More recently, however, ongoing technological progress has automated portfolio management to the extent that it’s now “so easy, a robot can do it”, and once again, advisors have evolved to make their main value offering the advice that they provide across their clients’ entire financial lives. Yet, despite the introduction of alternative fee structures (including hourly and subscription models) based on the delivery of advice rather than management of assets (as well as the growing consumer demand for flat fees), growth of the AUM model remains robust.
In our 64th episode of Kitces & Carl, Michael Kitces and client communication expert Carl Richards discuss how disconnects can sometimes arise between what potential clients may expect and how advisory businesses are structured to deliver advice, why the demand for quality advice continues to combat industry-wide fee compression, and why it’s been (up to this point, at least) such a struggle for alternative fee structures to gain better traction.
Over the past several years, as more options for automated investment management have become available, consumers have increasingly sought out ‘compartmentalized’ planning engagements (i.e., advice on ‘just’ one or two, rather than on all seven, aspects of the planning process), but often run into difficulty when trying to find an advisor that has the capacity to accommodate their requests, particularly when it comes to higher-net worth clients.
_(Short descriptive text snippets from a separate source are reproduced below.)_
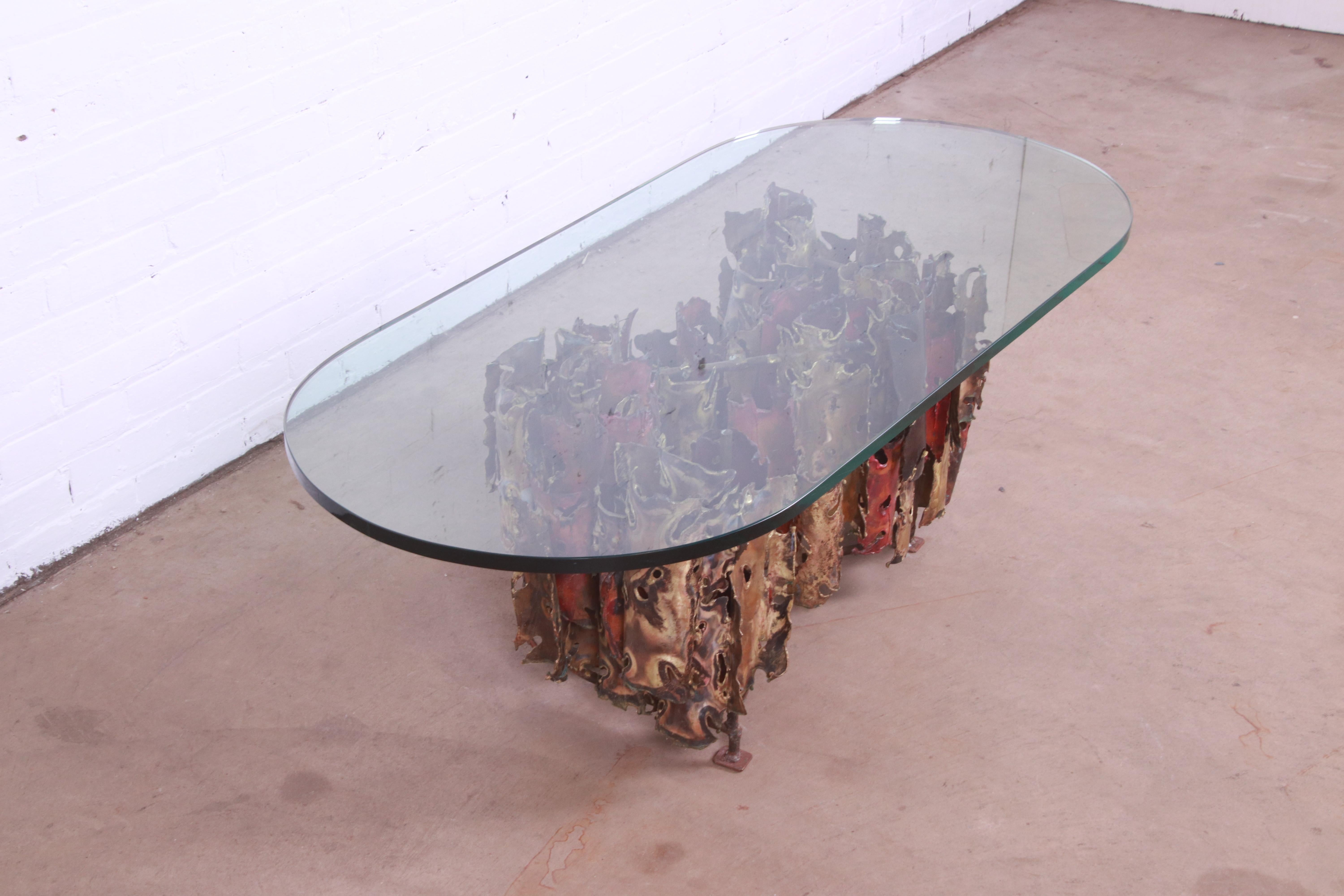 Brass Silas Seandel Mid-Century Modern Brutalist Mixed Metal Cocktail Table, 1975 For Sale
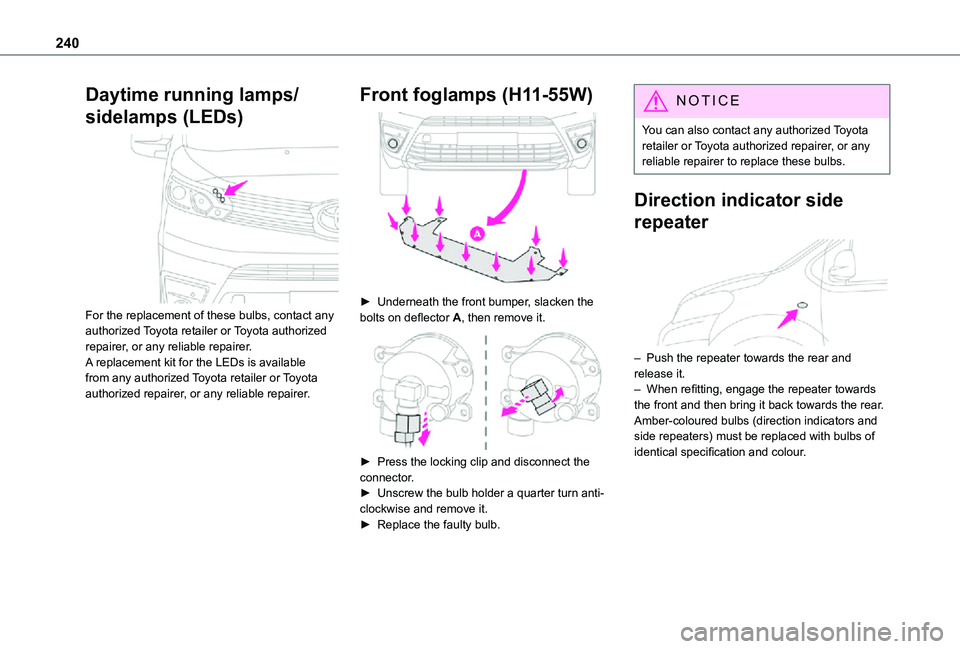 TOYOTA PROACE VERSO EV 2021 Owners Manual 240
Daytime running lamps/
sidelamps (LEDs)
For the replacement of these bulbs, contact any authorized Toyota retailer or Toyota authorized repairer, or any reliable repairer.A replacement kit for TOYOTA PROACE VERSO EV 2021 Owners Manual 240
Daytime running lamps/
sidelamps (LEDs)
For the replacement of these bulbs, contact any authorized Toyota retailer or Toyota authorized repairer, or any reliable repairer.A replacement kit for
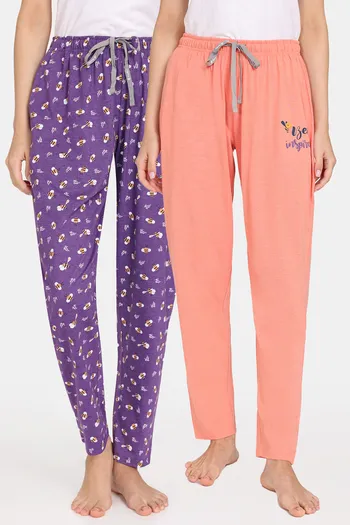 Buy Rosaline Mystic Town Knit Cotton Pyjama (Pack of 2) - Purple Orange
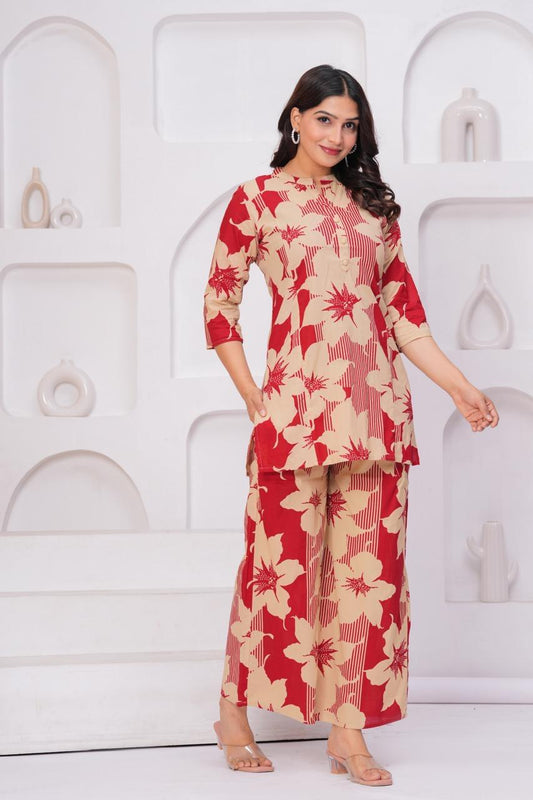 Cotton Printed Short Kurti Co-Ord Set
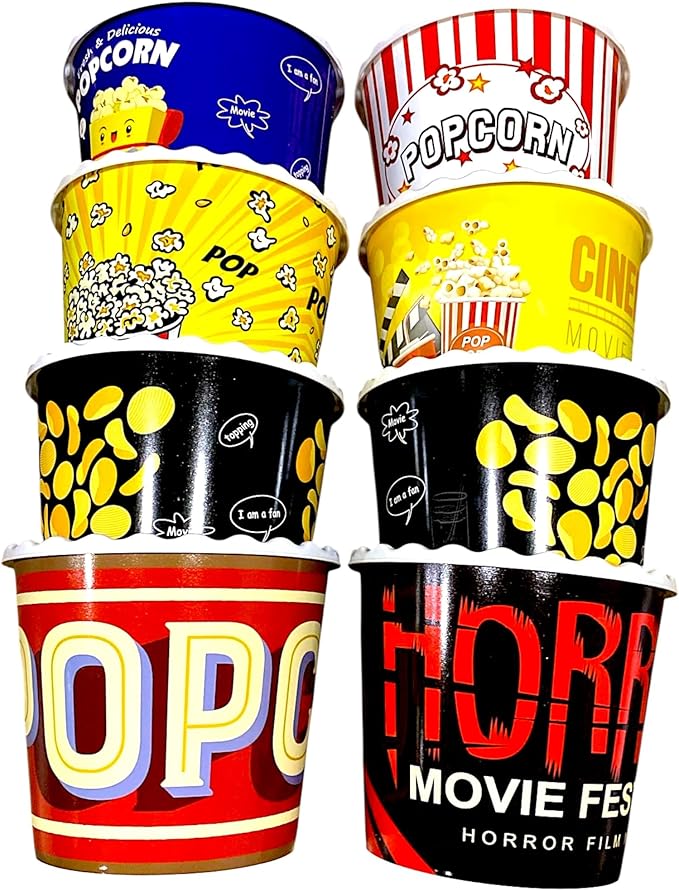 Modern Style Reusable Plastic Popcorn Box/Popcorn Containers/Popcorn Bowls Set for Movie Theater Night - (BPA Free - 8 Pack - 75 oz) (Mix 8-V)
As while there are advisors who are able to accommodate limited planning engagements, their numbers are limited. Moreover, clients who are further along the complexity spectrum may expect the sort of service found at larger firms, which simply aren’t structured in such a way to provide compartmentalized service.
Compounding the conundrum is the fact that it’s difficult for consumers to differentiate between advisors who actually offer advice and those who simply assume the title but may not be in the advice business. The supply of fiduciary advisors remains scarce, which (in turn) means that an advisor’s limited number of available spots can fill up quickly with clients who do want comprehensive planning (which is why so many of those advisors end out implementing wait lists). And with the high costs that advisors face to acquire clients in the first place, it just becomes impractical (at least at this point) to build a sustainable business that (primarily) serves clients on a limited basis.
Ultimately, the key point is that, while fee structures and advisory models continue to evolve to provide better and more varied services to clients who may not want (or need) comprehensive planning, the fact remains that it’s expensive to not only acquire clients, but to service them as well. Which, at the end of the day, is why a fiduciary standard is so important for the industry, as it would drive down the cost of advice in the aggregate and would make it more practical to profitable and effectively serve clients who would benefit the most from flat-fee engagements.